L'anno dopo i Meccani tornarono all'attacco, ma questa volta non ci fu vincitore: l'esercito di La Mecca si ritirò e promise di tornare l'anno successivo.

I Meccani si allearono con varie tribù e misero insieme un poderoso esercito di 10.000 uomini. I seguaci di Maometto invece scavarono un fossato intorno alla città: l'esercito nemico rimase totalmente disorientato e, dopo vari infruttuosi assalti, si ritirò.
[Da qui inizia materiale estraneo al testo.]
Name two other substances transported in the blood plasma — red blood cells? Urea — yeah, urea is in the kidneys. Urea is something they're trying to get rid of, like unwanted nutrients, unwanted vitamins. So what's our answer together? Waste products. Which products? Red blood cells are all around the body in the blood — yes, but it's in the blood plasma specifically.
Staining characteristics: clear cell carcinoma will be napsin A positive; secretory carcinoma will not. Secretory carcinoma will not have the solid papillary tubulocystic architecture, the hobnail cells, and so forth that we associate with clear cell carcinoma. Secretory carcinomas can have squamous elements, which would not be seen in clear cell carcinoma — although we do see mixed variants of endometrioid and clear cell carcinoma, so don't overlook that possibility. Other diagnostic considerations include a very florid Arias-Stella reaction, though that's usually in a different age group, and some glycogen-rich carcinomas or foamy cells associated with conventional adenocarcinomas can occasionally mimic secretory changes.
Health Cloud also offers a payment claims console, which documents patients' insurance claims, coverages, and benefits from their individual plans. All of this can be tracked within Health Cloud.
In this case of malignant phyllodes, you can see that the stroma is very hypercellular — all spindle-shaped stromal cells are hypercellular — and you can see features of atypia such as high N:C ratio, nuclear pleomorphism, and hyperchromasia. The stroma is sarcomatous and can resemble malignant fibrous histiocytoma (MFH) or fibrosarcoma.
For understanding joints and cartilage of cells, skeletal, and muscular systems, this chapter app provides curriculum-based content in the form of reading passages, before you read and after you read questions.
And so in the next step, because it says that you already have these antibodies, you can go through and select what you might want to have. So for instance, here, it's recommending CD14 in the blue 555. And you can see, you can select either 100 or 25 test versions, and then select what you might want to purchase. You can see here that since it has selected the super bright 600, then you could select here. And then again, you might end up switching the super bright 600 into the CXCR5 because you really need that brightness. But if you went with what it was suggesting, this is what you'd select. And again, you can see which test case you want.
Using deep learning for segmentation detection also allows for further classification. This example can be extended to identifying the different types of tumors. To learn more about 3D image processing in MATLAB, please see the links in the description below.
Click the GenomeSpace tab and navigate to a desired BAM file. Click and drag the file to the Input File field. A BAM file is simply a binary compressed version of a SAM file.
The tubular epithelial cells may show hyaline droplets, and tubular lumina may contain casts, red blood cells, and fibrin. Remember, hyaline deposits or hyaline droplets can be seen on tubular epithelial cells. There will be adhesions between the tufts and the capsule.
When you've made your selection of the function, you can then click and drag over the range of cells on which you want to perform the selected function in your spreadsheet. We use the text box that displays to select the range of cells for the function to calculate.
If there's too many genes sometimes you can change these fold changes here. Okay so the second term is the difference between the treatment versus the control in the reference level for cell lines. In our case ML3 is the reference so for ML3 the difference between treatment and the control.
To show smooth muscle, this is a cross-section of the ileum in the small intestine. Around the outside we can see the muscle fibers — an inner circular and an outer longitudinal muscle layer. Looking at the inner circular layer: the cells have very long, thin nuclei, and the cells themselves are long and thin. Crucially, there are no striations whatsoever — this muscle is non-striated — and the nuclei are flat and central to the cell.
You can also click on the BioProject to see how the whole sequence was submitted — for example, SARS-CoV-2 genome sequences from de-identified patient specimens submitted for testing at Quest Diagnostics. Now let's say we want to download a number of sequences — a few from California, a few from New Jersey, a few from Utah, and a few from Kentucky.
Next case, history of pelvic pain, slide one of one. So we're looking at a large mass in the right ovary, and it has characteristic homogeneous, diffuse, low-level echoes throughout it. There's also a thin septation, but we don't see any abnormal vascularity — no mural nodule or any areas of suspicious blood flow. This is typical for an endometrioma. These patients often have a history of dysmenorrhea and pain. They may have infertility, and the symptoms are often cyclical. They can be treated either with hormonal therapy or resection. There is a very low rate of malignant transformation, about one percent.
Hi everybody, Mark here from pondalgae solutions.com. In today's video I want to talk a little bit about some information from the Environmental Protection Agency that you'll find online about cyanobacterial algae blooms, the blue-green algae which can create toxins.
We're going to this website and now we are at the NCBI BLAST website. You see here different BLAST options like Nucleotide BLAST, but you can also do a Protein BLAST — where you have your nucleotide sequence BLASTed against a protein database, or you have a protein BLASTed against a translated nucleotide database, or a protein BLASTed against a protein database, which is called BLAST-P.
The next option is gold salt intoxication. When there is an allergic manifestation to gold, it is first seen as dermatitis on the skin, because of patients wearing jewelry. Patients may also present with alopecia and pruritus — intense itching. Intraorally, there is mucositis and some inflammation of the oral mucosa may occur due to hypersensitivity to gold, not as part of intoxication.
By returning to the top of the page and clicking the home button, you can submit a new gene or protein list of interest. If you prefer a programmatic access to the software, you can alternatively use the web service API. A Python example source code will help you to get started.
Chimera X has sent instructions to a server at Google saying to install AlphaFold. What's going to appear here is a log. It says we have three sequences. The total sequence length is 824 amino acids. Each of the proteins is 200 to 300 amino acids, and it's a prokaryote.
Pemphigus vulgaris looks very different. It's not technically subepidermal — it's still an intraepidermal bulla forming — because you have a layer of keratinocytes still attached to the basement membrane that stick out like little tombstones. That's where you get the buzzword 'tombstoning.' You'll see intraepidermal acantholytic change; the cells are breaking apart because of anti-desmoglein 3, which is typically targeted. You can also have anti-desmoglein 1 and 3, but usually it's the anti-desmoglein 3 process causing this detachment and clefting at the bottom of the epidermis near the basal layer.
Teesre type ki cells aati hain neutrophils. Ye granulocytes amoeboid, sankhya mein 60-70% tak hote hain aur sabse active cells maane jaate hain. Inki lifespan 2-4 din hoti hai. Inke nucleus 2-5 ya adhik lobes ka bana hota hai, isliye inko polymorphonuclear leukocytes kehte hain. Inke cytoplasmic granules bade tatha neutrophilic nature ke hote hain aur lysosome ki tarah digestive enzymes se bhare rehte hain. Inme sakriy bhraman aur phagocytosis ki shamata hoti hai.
Nel 628 Maometto stipulò un accordo con i Meccani, da quel momento poté dedicarsi completamente alla diffusione dell'islam. Nonostante la tregua, i Meccani continuarono ad aggredire i musulmani, Maometto allora inviò, nel 630, un ultimatum alla città di La Mecca: se il patto non fosse stato rispettato sarebbe stato considerato sciolto. I Meccani decisero di considerare sciolto il patto e formarono un nuovo esercito, ma preferirono ritirarsi quando si trovarono di fronte a quello dei musulmani formato da 10.000 uomini.

Nel 631 d.C. Maometto tenne il suo Discorso d'Addio a 124.000 fedeli che si erano raccolti nella valle di Arafat.

Dopo alcuni mesi, nel 632, si ammalò e morì all'età di 61 anni.